Guantanamò, France? Come direbbe Mark Twain, le notizie dell’apertura di Guantanamo francesi – Guantanamò, dunque – erano un filino esagerate. Giuridicamente, si tratta di inserire in Costituzione, accanto a stato d’assedio e conferimento di poteri eccezionali al presidente della République, già previsti dal testo, anche l’état d’urgence, sinora regolato solo da un legge del 1955, magari allungandolo oltre i tre mesi già dichiarati dopo gli attentati del 13 novembre. E questo soprattutto al fine, apparentemente modesto, di evitare che il Conseil constitutionnel, ossia quegli eterni rompiscatole dei giuristi, trovino da ridire sulla costituzionalità di provvedimenti contro il «terrorisme de guerre»: come l’ha ribattezzato oscuramente il presidente Hollande, al fine di mostrare la propria tempra di statista in piena campagna per le regionali.
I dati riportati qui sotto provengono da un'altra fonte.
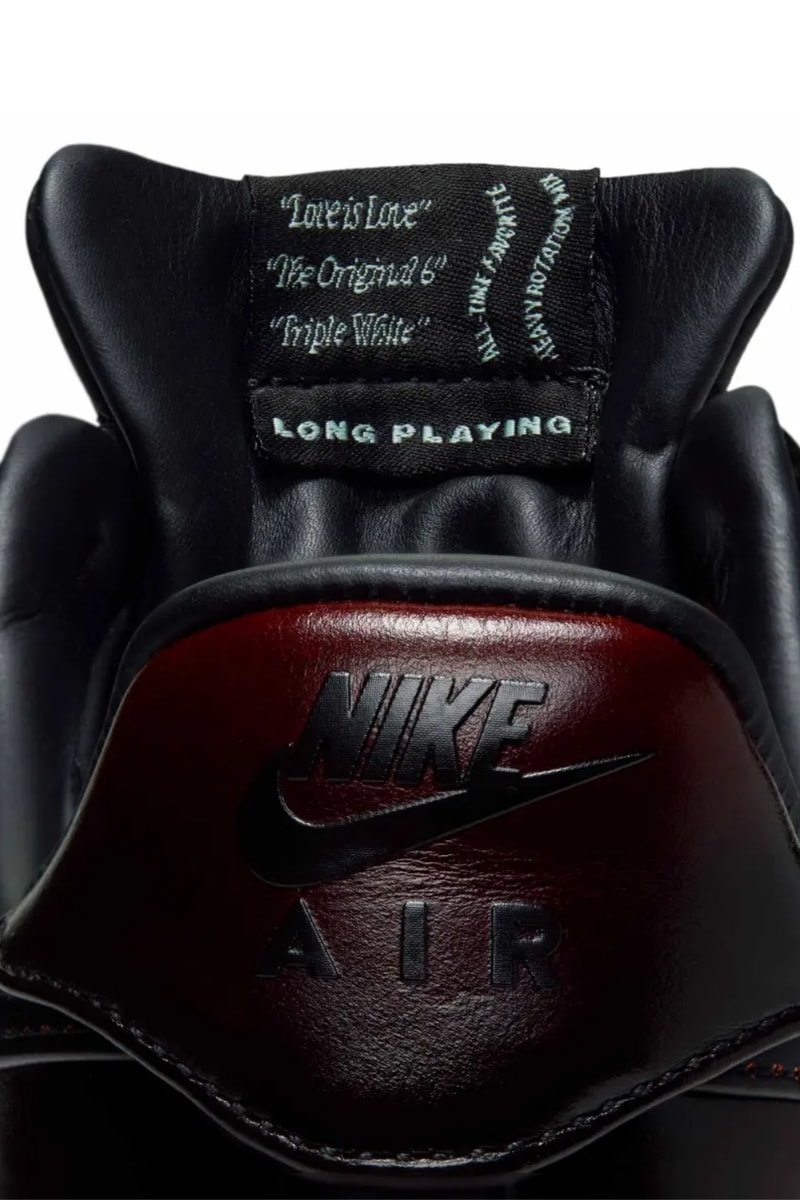 ナイキ エア フォース 1 ローの新作 “エア ソウル” はスニーカーの歴史を凝縮した1足 Nike Air Force 1 Low “Air Soul” release info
Siamo alle solite, però. Tutte le volte che a un governo in crisi di credibilità una guerra o il terrorismo danno l’occasione di risalire nei sondaggi, la mossa è sempre la stessa: drammatizzazione mediatica, provvedimenti d’eccezione che poi durano oltre l’emergenza (Guantanamo, quella vera, è ancora lì, dopo sei anni di presidenza Obama), riforme costituzionali maneggiate come spot. Diceva Thomas Jefferson che i popoli sobri si danno costituzioni per quando saranno ubriachi. Ma né la costituzione statunitense né la Corte suprema hanno impedito agli Stati Uniti di internare oltre centomila americani di origine giapponese durante la seconda guerra mondiale: per non parlare dell’epocale autogoal perpetrato da Bush il Piccolo invadendo l’Iraq, unico cuscinetto fra sunniti e sciiti.
Nel caso della Francia di oggi si parla di una cifra fra diecimila e ventimila sospetti islamisti da internare non alla Cayenna o sull’Isola d’If, magari con la baguette calda al mattino ma senza processo e avvocati, violando quel principio minimo di civiltà giuridica che è l’habeas corpus. Nota Jeremy Waldron in Torture, Terror and Trade-offs (2010), la raccolta dei suoi saggi post-Undici settembre, che il luogo comune per cui si devono bilanciare le esigenze della sicurezza con quelle della libertà ha un lato oscuro. Di fatto la nostra sicurezza, la sicurezza di centinaia di milioni di occidentali, non è aumentata neppure in dosi omeopatiche attentando alla libertà o alla sicurezza degli altri: qualche migliaio di stranieri, o di nostri concittadini, presi in ostaggio delle nostre paure pubbliche o private.